彼らも観光者で英語はわかるけど、イタリア語がわからない様子。。
次はイタリア在住のロシア人女性。
彼女はイタリア語がわかるけど英語が全く話せない。。
しかし彼女はGoogle翻訳で一つ一つのボタンの意味を英語で教えてくれました!
うーん、優しい。
海外ではこういう助け合いが日常茶飯事で起こるから本当に気持ちが良いんです。
トレビの泉近くのバス停に停まり、さぁここからは一人で行動だ!
と思ったら、先ほどのイタリア在住ロシア人の女性も一緒に降りてくれました。
「トレビの泉までは一人で行ける?」
そう彼女は聞いてきたので、
「いや、正直行けるかわからないなぁ(石畳的な意味で)」
「じゃあ私が押してってあげる!」
と彼女は笑顔で私の車椅子を押し始めました。
嬉しい反面少し怖くもありました。
なぜなら私はフランスで偽善団体に騙されたばかりだったからです。
もちろん彼女はそんなことは知る事もなく、軽快に石畳の上を駆け抜けていきます。
バス停から5分ほどでトレビの泉に到着。
「ありがとう!助かったよ!」
と伝えると、彼女は他にどこか行きたいところはあるかと私に問いかけます。
「次はパンテオンに行こうかな〜と思ってるよ。」
そう伝えると、彼女はパンテオンに向けてまた私の車椅子を押し始めました。
灼熱のローマ、35℃
ただ歩くだけでもきついのにこんな石畳の上を、汗を流しながら押してくれる彼女に申し訳なく思い始めてきました。

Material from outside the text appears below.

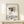 Contemporary line art print with cozy coffee cup imagery and turtle motif in cream and tan, shown framed in an interior setting.
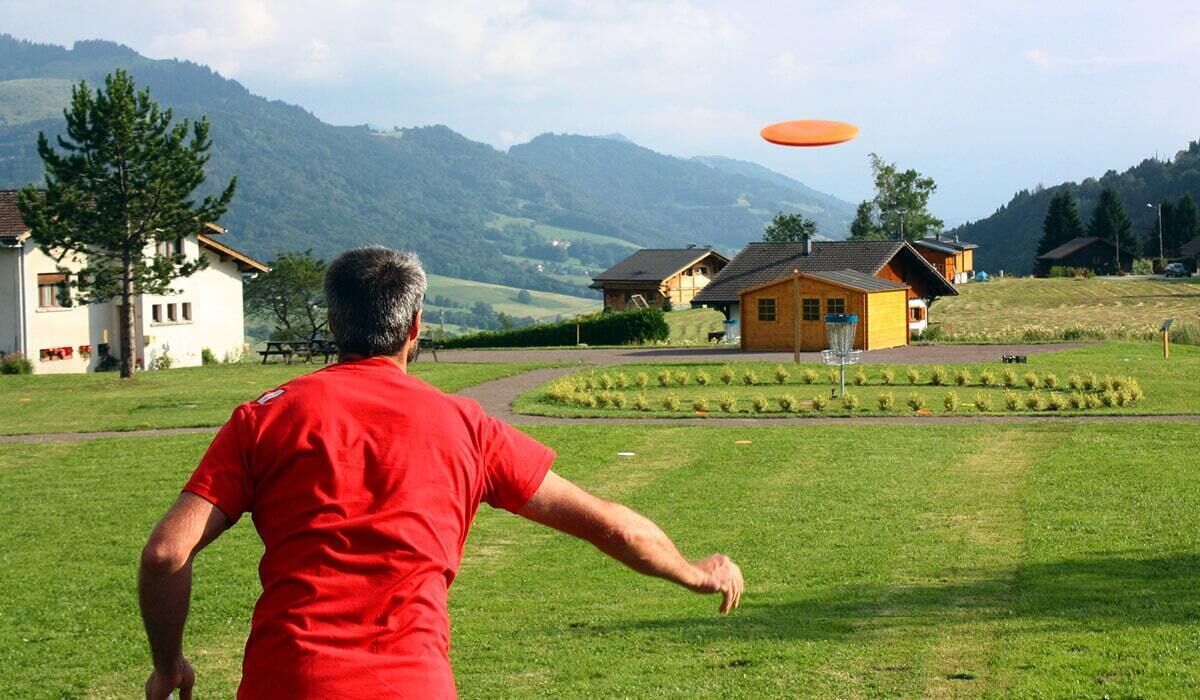A man in a red shirt throwing a frisbee in a grassy field with houses and mountains in the background.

そしてパンテオンに到着し、一通り見て回った後私は彼女をご飯に誘いました。
色々聞いたところ、彼女の名前はベラ。
ハイキングツアーのガイドのような仕事をしていて、バスに乗っていたのは仕事へ向かう途中だったようです。
ご飯を食べていた時点で、すでに仕事開始から3、4時間過ぎていたようで私は彼女にお礼と謝りの言葉を伝えました。
しかし彼女は一切後悔するような表情は見せず、私に一言。
「今日はそんな日だよ♫」
うーむ、なんせイタリア語→英語に翻訳→日本語で表現すると、難しいのですがそんなことを確かに言っていました。
そんな日だよ♫で許されるのはイタリアンスタイル?ロシアンスタイル?
自分の意思で仕事の都合をころっと変えてしまうあたり、日本では考えられません。
「次はどこに行く?」
今日はトレビの泉とパンテオンさえ行ければよかったので、特に予定は決めていませんでした。。
するとベラは、近くにナヴォーナ広場という観光地があるので、そこまで行こうと提案してくれました。
ナヴォーナ広場を一通り散歩して彼女は
「さすがにそろそろ仕事に行くね!もし他にどこか行きたかったら会社に電話くれたら時間見繕ってまた案内するからね!」
とツアー会社の電話番号を私に渡し、フランクに去って行きました。
ああ・・良い人だった・・
実は最後まで何か取られるのではないか?別れ際ツアー代金の請求・・?
と考えてしまった自分が悔しかった・・。
もっと一つ一つの行動に感謝を示しておけばよかった。。
しかしながら良き出会いに感謝!なローマでした。
Google翻訳を駆使して会話をするベラとMiyo
芸術の都 フィレンツェで帰国を覚悟
ローマでの旅を終え、舞台はフィレンツェへ移動。
ローマより若干北に位置しているので少しだけ涼しいんです。
さて、ローマでの素敵な出会いのおかげで前置きが長くなりましたがここからが本番です。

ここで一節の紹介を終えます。